Jusqu’à présent, nous ne pouvons pas dire que société civile a été impliquée très activement dans l’effort de préparation en vue d’une pandémie.
Donc, pour que des préparatifs sociaux aient lieu, il faudrait que de nouvelles stratégies soient établies et que de nouveaux plans d’action et de communication soient déployés.
Le Rapport de David Nabarro a été dévoilé à la mi-octobre 2008. Mais aucune directive aux nations, détaillant de manière plus précise comment celles-ci pourraient s’y prendre pour développer des préparatifs sociaux, n’a encore (à ma connaissance) été publiée.
Dans ce cas, les nations sont libres d’innover et de faire comme bon leur semblera et du mieux qu’elles pourront pour atteindre l'objectif d'état de préparation sociale fixé il y a cinq mois par l’ONU et la Banque mondiale. Quelques semaines après la publication de son Rapport, David Nabarro a indiqué qu'il évaluait que l'état de préparation mondial (des nations) était d'environ 40 pour cent. Il a indiqué qu'il souhaitait que l'état de préparation augmente à 60, voire 70 pour cent d'ici 2010. Ce chiffre - mettons 60% - s'il s'agit d'un niveau souhaitable pour les préparatifs pandémiques des gouvernements, alors je pense que nous pourrions en souhaiter autant pour les préparatifs sociaux.
Comment s’y prendre pour atteindre 60% d'état de préparation de la société civile? Est-ce faisable?
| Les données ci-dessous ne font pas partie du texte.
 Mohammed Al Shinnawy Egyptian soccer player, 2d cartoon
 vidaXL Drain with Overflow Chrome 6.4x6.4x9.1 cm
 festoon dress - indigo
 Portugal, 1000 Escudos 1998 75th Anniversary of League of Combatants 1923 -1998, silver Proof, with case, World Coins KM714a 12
Je pense que oui. Mais cela ne se fera pas par enchantement.
Commençons d’abord par évaluer de quelle manière les autorités gouvernementales ont entrevu la question jusqu'à présent.
Le sociologue Michel Setbon résume bien la problématique de la perception du rôle du citoyen par les autorités au journaliste Jean-Yves Nau du Monde, «J'estime que l'erreur des pouvoirs publics réside dans leur croyance récurrente selon laquelle la population va être l'objet passif des mesures décidées, alors même qu'elle en sera le sujet, c'est-à-dire l'acteur central et imprévisible. C'est un décalage conceptuel qui est loin d'être anecdotique.»
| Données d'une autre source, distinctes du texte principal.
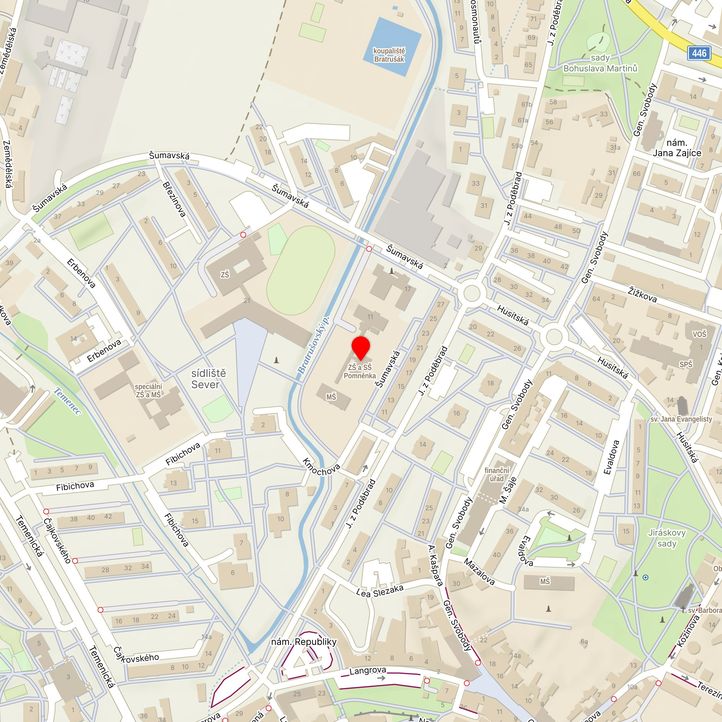 Mapa školy z Mapy.cz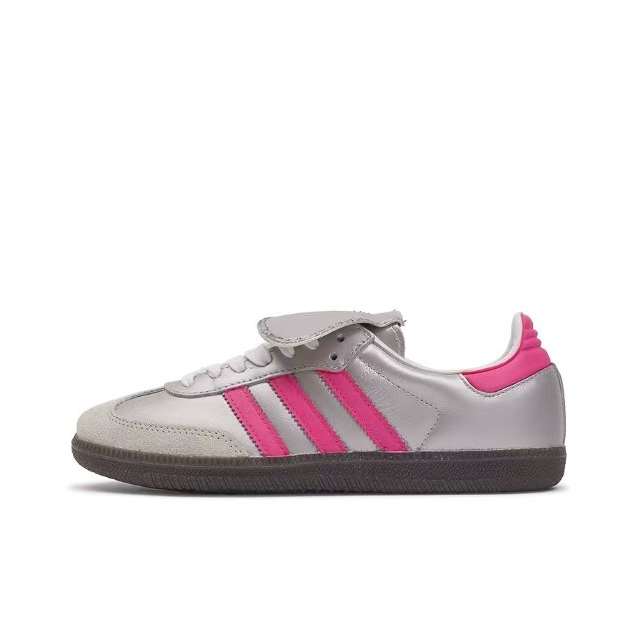 נעלי אדידס סמבה-Samba ADV Sneakers Pink Gray – תמונה 5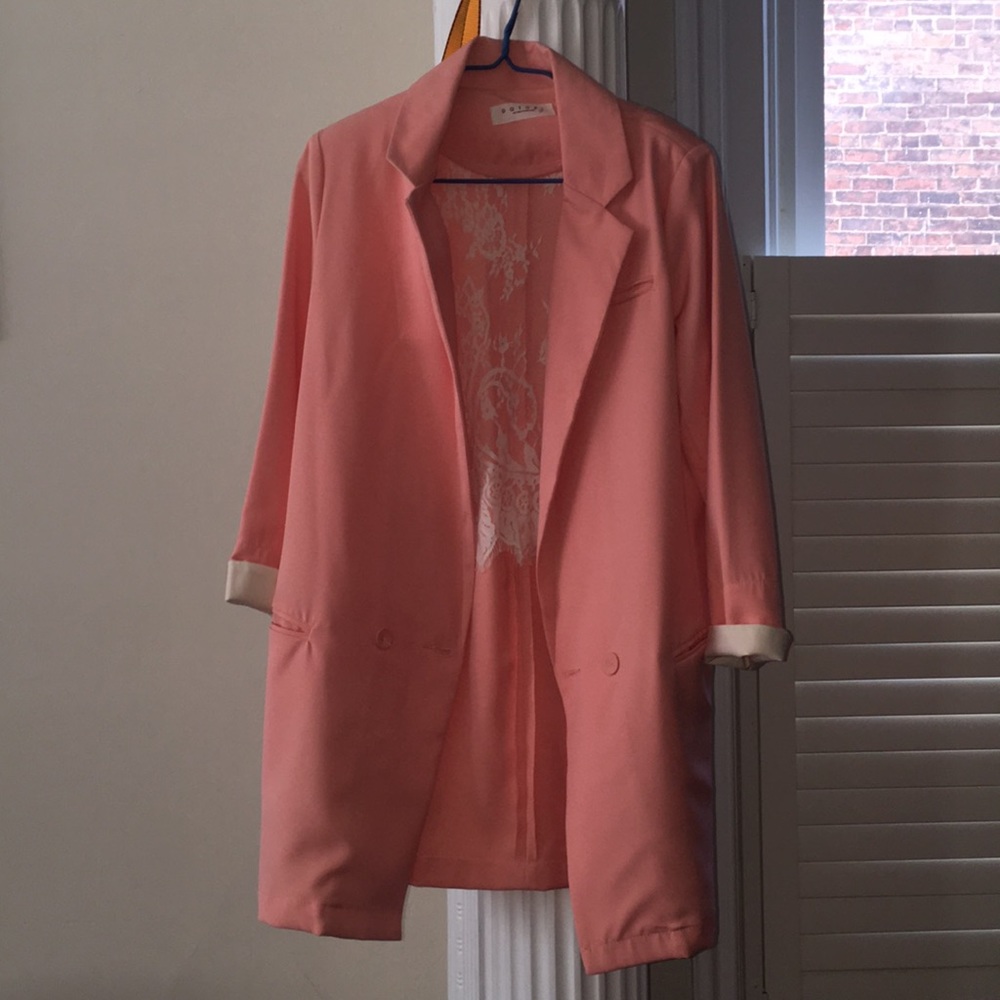 Pink blazer jacket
Donc si les citoyens sont perçus comme des «objets passifs» par les autorités, il est difficilement imaginable qu'il puisse être possible que 60% de ces «objets passifs» arrivent à un jour à se préparer (passivement) en vue d'une pandémie.
J’ai noté sur Facebook cette semaine des commentaires allant dans ce sens, de Michel S.f. Vermeulen, qui a été très franc dans sa réponse à un article intitulé «À propos de la grippe aviaire» publié par Thierry Saussez, délégué interministériel à la Communication et directeur du Service d’information du gouvernement de la République française. Concernant le Guide pratique de la vie quotidienne en pandémie, il a indiqué: «Une magnifique initiative d'information de la population, permettant d'éviter la panique, rendant inopérante toute planification. (…) La population sera rendue active et solidaire, en n'étant pas un spectateur passif et victime d'une calamité, mais un acteur conscient de son rôle participatif avec les intervenants professionnels.»
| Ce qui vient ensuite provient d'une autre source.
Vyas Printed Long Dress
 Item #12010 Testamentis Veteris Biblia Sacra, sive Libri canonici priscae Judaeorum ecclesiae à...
S’il ne s’agit pas d’une erreur (l’emploi du mot «inopérante»), alors j’interprète les commentaires du médecin et blogueur belge Michel Vermeulen comme allant dans le sens de ceux du sociologue français Michel Setbon.
Alors que Michel Setbon parle «d’acteur imprévisible», Michel Vermeulen envisage plutôt un «acteur conscient de son rôle participatif.»
Je pense que Michel Vermeulen vient de mettre le doigt sur l’élément clé d’une stratégie de préparatifs pandémiques sociaux (qui aurait des chances de conduire à la mitigation de sociétés). Mais ce sentier - non battu - sera-t-il emprunté par des instances gouvernementales?
La conjoncture mondiale actuelle m’apparaît comme un terrain mûr pour qu’aient lieu des préparatifs pandémiques (dans certaines nations qui oseront les développer).
Nous avons pu observer de timides tentatives de rapprochement de hauts gestionnaires gouvernementaux avec des membres de la communauté de pratique flublogienne. Au cours du mois de février 2009, Craig Vanderwagen (États-Unis) et Thierry Saussez (France), ont publié des éléments de réflexion et d'information sur Facebook. Il y a par ailleurs eu beaucoup de travail effectué ces dernières semaines par les agences américaines pour diffuser en simultané de l'information sur les préparatifs d'urgence (pas uniquement de pandémie) via des outils de réseautage social.
Mais, entendons-nous. Nous sommes encore TRÈS LOIN du but.
Les hauts gestionnaires vont devoir transformer radicalement leur approche, s’ils souhaitent atteindre un état de préparation social significatif, c'est-à-dire le 60-70% mentionné par David Nabarro.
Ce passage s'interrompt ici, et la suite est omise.